→ **Problem requirements**
Look through the listing below for the line with "Нурмагомедов отправил соперника" and the line with "2014 Ball Gown". Copy both, along with every line between them, exactly and with no pictures.

→ **Input data**
┏━━
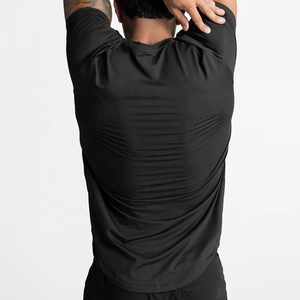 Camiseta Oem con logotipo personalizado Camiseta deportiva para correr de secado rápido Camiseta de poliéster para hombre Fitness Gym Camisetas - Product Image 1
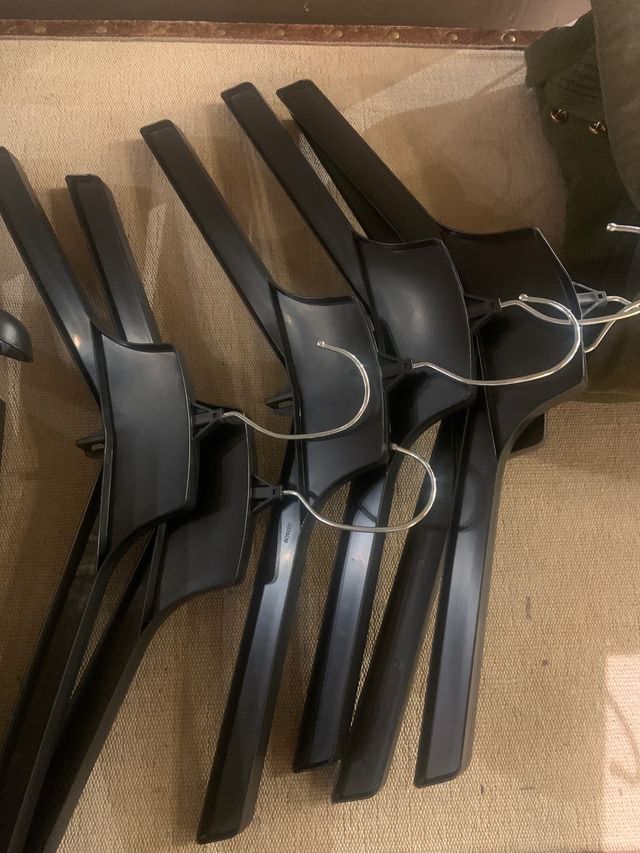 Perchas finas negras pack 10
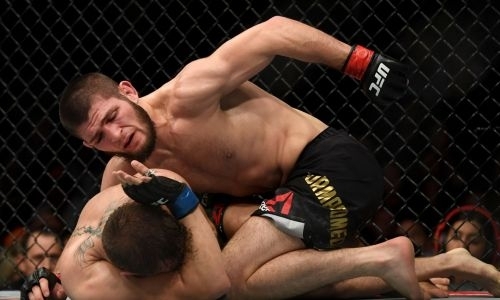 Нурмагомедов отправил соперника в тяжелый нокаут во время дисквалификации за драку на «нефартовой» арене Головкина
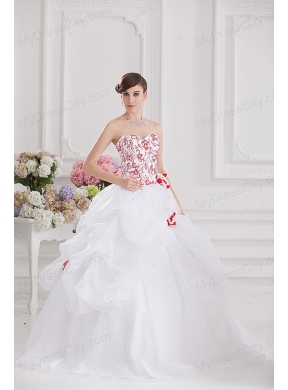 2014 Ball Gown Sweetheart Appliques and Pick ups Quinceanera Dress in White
┗━━
┏━━
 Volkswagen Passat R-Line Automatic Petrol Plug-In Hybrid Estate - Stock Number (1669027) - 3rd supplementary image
┗━━
→ **Final answer**
 Нурмагомедов отправил соперника в тяжелый нокаут во время дисквалификации за драку на «нефартовой» арене Головкина
 2014 Ball Gown Sweetheart Appliques and Pick ups Quinceanera Dress in White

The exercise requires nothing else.